The registry idea sounds great. Only thing I'll say is we should be mindful of security, since registries can be used for attacks (see NPM). Specifically, the prover should always verify the MAST that it received for a given root. Theoretically, this wouldn't be needed, since the verifier should catch any unsound MAST and reject any proof that used an execution trace built using it. But in practice, an attacker could use a registry to exploit a bug in the AIR constraints, such that the prover would build a proof using this invalid MAST, and the verifier would accept it. Of course, such attacker could run its own prover to build a proof that exploits the constraints, but at least, this would prevent anyone using our prover to generate malicious proofs due to a registry attack.

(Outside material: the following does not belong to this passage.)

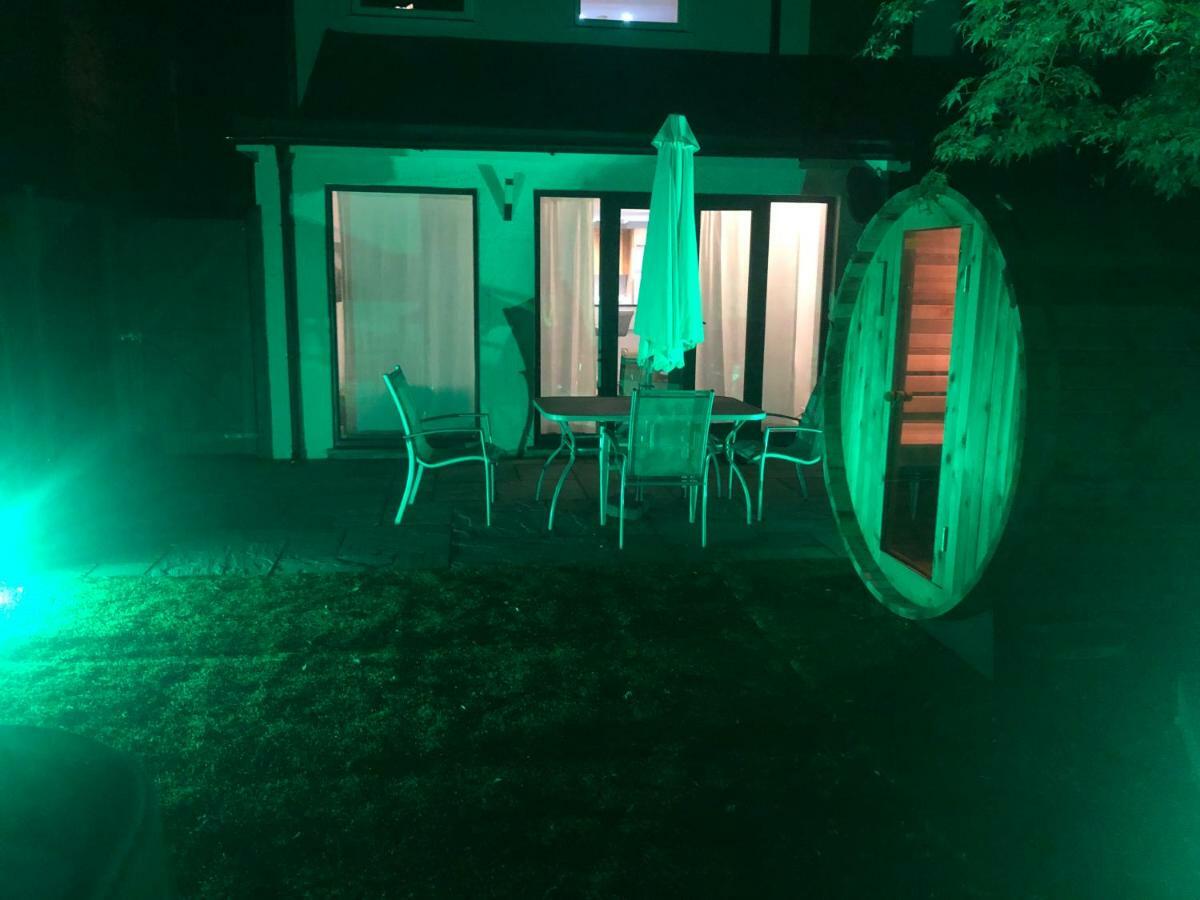 Bournemouth Hot Tub & Sauna Holiday Let Eksteriør billede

2. Plan ahead for MAST breaking changes

We should plan ahead for any future breaking changes to MAST and/or the serialization format in our packaging solution.

For example, say we add a new node type in the MAST, anyone running an outdated prover would fail to deserialize that new MAST. Or similarly for the serialization format, I'd expect a registry to understand many (all?) different versions of the serialization format as it changed through time, and be able to deserialize whichever version into its current MAST (if compatible).

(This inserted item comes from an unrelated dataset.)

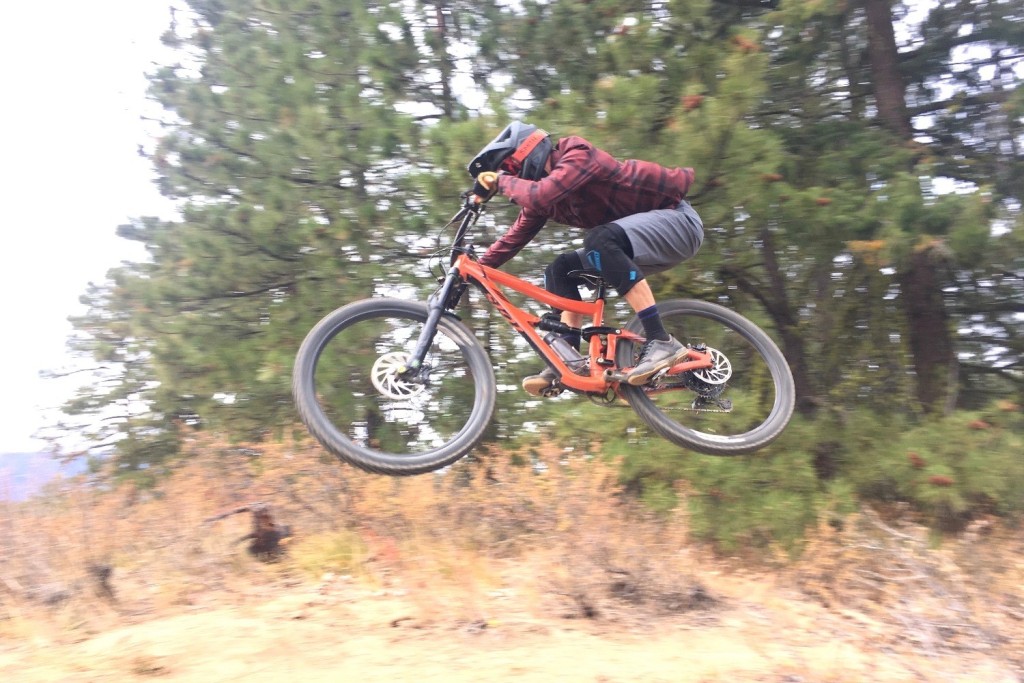 leatt mtb 4.0 enduro - the mtb 4.0 enduro is a dh-certified convertible model that performs...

We should also keep in mind that theoretically, hash collisions are possible across breaking changes of the MAST. A dummy example is if from version A to version B, we swap the hash domain between join & split nodes. Then, a tree with a JOIN as root in version A would have the same hash as the same tree in version B, except for the root changed to a SPLIT. Although we (hopefully) would never do that literally, we could unintentionally introduce a bug in a similar but more complex manner, which would allow unintended code to be fetched from the registry and executed/proved. Now, we should expect the verifier to catch that invalid code was executed (it basically almost always will), so it's not a huge safety concern. But at the very least, it would be a very annoying bug to figure out and fix, which would probably require people purge their local registries, etc. So this suggests we should think of the "content unique IDs" (referring to the content-addressable property of MAST) no longer as only node_hash, but rather (node_hash, mast_version).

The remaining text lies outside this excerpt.